The game that gave rise to the 'ghost goal', as Jose Mourinho described Luis Garcia's fifth-minute strike, and it haunted him for a good while afterwards; not least when the Portuguese brought it up again ahead of their 2007 rematch. Back in 2005, with the second leg precariously poised and Anfield in incredible voice, Milan Baros suddenly broke through; Petr Cech brought him down but that left Luis Garcia. He struck, but William Gallas stopped it. From where, exactly, remains open to question.

What might have happened with goal-line technology: Given the fact Cech would have been sent off and Rafa Benitez's side were so well organised that season against 11 men in Europe, it's difficult to argue history would changed, especially if Liverpool then went and scored the penalty to go 1-0 ahead anyway. A percentage-playing pragmatist like Mourinho would have fancied a 30% chance of seeing a spot-kick missed, though, and would certainly have backed the mentality of his side thereafter.

Manuel Neuer
GettyImagesManuel Neuer watches as Frank Lampard's shot crosses the line.

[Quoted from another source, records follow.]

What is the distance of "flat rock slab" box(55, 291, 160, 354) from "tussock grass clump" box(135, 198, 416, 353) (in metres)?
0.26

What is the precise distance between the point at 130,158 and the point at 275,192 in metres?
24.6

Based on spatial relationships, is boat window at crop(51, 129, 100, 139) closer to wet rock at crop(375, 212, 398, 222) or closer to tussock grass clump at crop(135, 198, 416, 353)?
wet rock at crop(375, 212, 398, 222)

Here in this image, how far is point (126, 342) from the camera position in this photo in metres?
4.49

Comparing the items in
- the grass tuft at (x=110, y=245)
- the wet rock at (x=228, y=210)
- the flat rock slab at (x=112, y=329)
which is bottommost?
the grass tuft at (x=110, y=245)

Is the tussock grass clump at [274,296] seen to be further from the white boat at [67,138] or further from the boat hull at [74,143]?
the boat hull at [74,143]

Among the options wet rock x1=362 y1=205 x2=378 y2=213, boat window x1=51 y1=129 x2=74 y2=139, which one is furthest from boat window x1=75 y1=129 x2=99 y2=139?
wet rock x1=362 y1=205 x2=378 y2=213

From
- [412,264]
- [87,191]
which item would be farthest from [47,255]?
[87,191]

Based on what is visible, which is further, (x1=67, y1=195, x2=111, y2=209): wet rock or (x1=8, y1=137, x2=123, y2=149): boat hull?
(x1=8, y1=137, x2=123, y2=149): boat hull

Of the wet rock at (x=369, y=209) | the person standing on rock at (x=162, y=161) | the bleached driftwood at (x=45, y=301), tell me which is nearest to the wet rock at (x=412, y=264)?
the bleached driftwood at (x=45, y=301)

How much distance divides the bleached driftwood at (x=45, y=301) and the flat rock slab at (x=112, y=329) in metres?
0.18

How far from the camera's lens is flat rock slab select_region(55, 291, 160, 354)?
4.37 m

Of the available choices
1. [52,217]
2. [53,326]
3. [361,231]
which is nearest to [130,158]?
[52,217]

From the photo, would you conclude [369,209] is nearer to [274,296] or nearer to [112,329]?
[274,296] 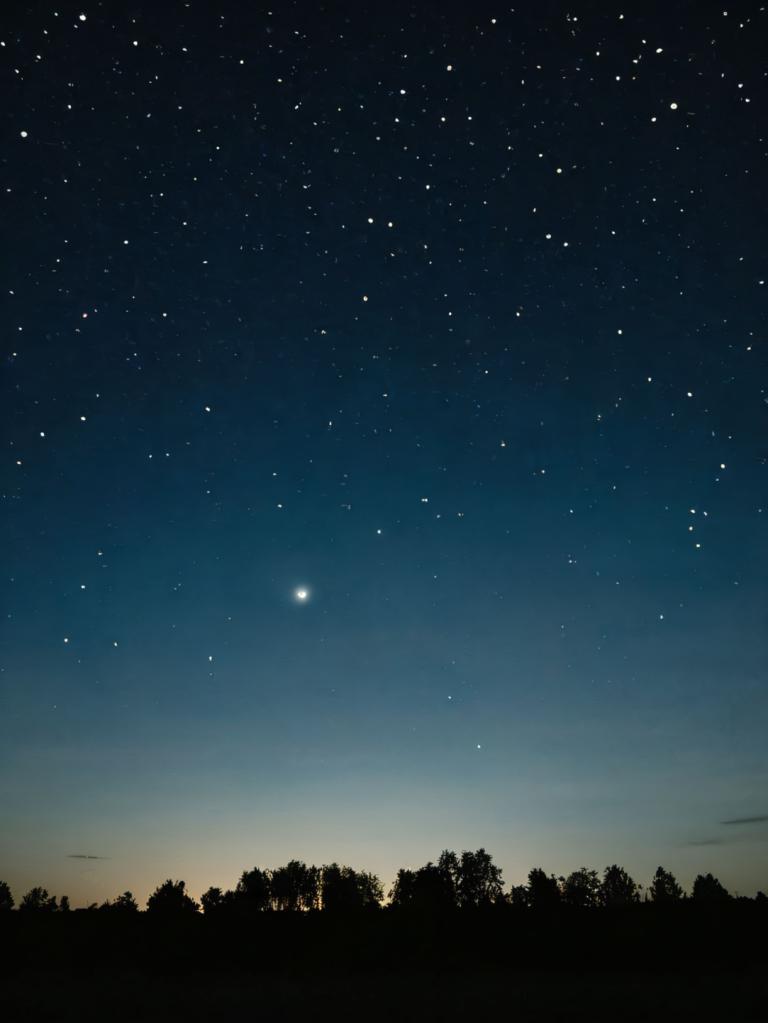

Germany v England, World Cup second round, June 27, 2010

Although a vibrant young German team had already started to rip England apart, a rally late in the first half started to ask a few questions of them. And, certainly, a lot of questions were being asked of the officials. Just moments after Matthew Upson had brought England back into the game to make it just 2-1 to Germany, Frank Lampard saw a shot crash off the bar and out in a poetic inversion of 1966. This time, however, the ball was definitely over the line but decisively not given.

What might have happened with goal-line technology: England had a multitude of their own problems in South Africa, but this incident did point to a deeper one for Germany too. Because, as impressive as Jogi Loew's team are in open play, the comprehensive defeat to Spain in the semi-finals, the surrender to Italy in Euro 2012 and, most relevantly, the 4-4 collapse to Sweden in a recent World Cup qualifier illustrate a surprising mental fragility. At an earlier point in their development, being pulled back to 2-2 in such a high-stakes match may have caused a bit of trauma. From here, and how that tournament eventually panned out, an English quarter-final or semi-final may seem fanciful, but such runs have been built on smaller swings of fate.

Milan v Juventus, Serie A, February 25, 2012

Juventus may have been unbeaten after 26 games but Milan were undaunted. A point ahead in the title race and a goal ahead in the game, Sulley Muntari was presented with the opportunity to seal it when he headed back a Gigi Buffon parry. The keeper managed to get his hands to it but replays showed the ball was behind the line. Juventus came back, drew the game and eventually won the title. Unbeaten.

What might have happened with goal-line technology: Inter ended Juventus's unbeaten run just a few weeks ago but the dip the Turin side suffered after that may well have had a much more pronounced effect at that point in last season's title race. For one, Milan would have opened up a gap. And Juventus may not have maintained the momentum of that unbeaten run to see them overcome it.